Exactly-once guarantees that a message is delivered once and no more. Conceptually, this is the same as simultaneously guaranteeing both at-least-once and at-most-once.

Obviously, you can’t get exactly-once by using the easy approaches to at-most-once and at-least-once at the same time. What you can do instead is use retries as needed to ensure at least once delivery, then filter duplicates. Duplicates can happen when the sender retries while the receiver is down, or when the receiver is slow to process messages. Kafka implements a limited exactly-once guarantee by doing just that:

At-least-once comes from retrying until the broker acknowledges. acks=all makes that acknowledgement durable: each message is persisted by all in-sync replicas before the broker acks, so an acked message survives a broker failure.
The at-most-once half, suppressing duplicates from those retries, comes from enable.idempotence=true, which has Kafka assign a unique key (producer ID + sequence number) to each message so the broker can drop a replayed one.

Both acks=all and enable.idempotence=true have been default Kafka settings since 3.0.0. In addition, if idempotence is enabled, Kafka will automatically require acks=all for durable writes.

Common Failure Modes

There are a few ways that exactly-once processing can fail even with idempotence enabled.

Timeout and Retry

Suppose a producer application has this code:

public void send(Record<String,Foo> record) {
    producer.send(record);
    Thread.sleep(5);
    producer.send(record);       // Send the same record again
}

Kafka would send the first message, wait 5 milliseconds, then send a second message with exactly the same contents. Kafka will view this as two separate messages. Each will be assigned a unique sequence number, and both will be delivered.

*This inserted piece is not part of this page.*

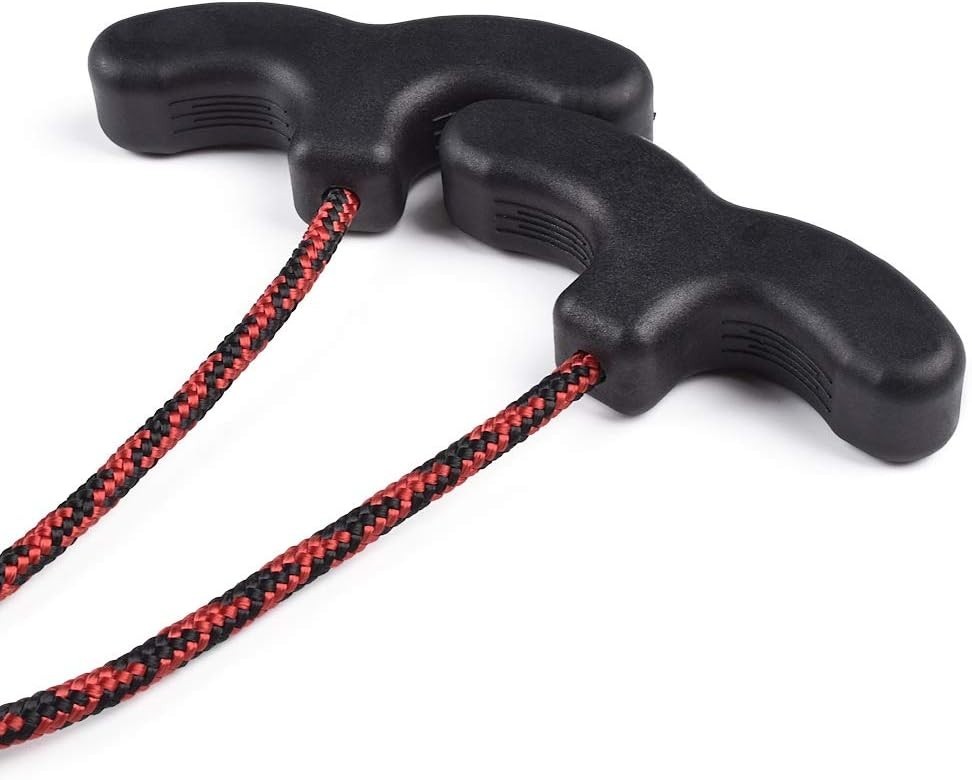 Crossbow Cocking Rope Device with Handles Black Red String Puller Tool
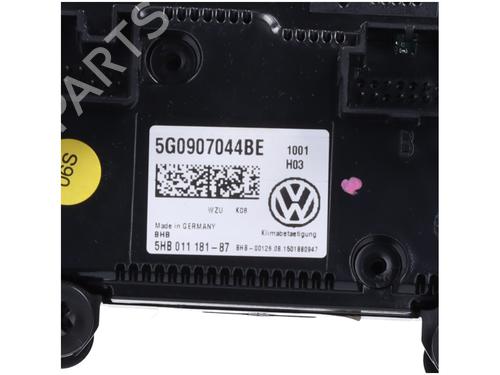 Climate control VW GOLF VII (5G1, BQ1, BE1, BE2) 2.0 GTD | BP13013295I5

Now consider a producer application with a retry configured like this:

@Retry(delay = 5)
public void send(Record<String,Foo> record) {
    producer.send(record);
}

If the first attempt times out (5ms is way too short), the retry will be triggered. But the first attempt might yet succeed even after the retry. As before, Kafka would send the same message twice with different sequence numbers. You can mitigate this failure by ensuring Kafka’s internal retry loop finishes before the application retries. Enabling idempotence requires retries > 0. The critical setting is delivery.timeout.ms, which bounds the whole send including internal retries. Keep it no larger than the application’s per-attempt timeout, or simply gate the application retry on the send() future completing. Idempotence dedups only Kafka’s own retries. A fresh application-level send() gets a new sequence number and is not filtered.

Exception on Send

The producer might throw an exception or otherwise indicate failure on a send() call.

producer.send() throws an exception
On the Future returned by send():
- Any method throws an exception, including if get(timeout) times out
- isCancelled() returns true
On the RecordMetadata returned by send().get():
- hasOffset() or hasTimestamp() returns false
- offset(), timestamp() or partition() returns -1

In most cases, the failure means the producer did not send the message successfully. However, there are a few cases where the message did get sent despite the failure. Retries from the application tier may send duplicate messages in those cases.

Tip: These types of failures may indicate a problem with the producer configuration. Pay particular attention to the acks, retries, delivery.timeout.ms and max.in.flight.requests.per.connection settings.

Boundaries after Restart

If a producer application crashes after sending a message but before the broker acknowledges the receipt or before the receipt is recorded by the producer, the message may be delivered again when the application restarts. This can lead to duplicate messages. After restart, the producer will be assigned a new PID. Any message delivered before the crash but un-acked (network loss, timeout) will be re-sent under the new PID — the broker has no way to recognise it as a duplicate. Idempotence is per-session, not durable across process lifetimes.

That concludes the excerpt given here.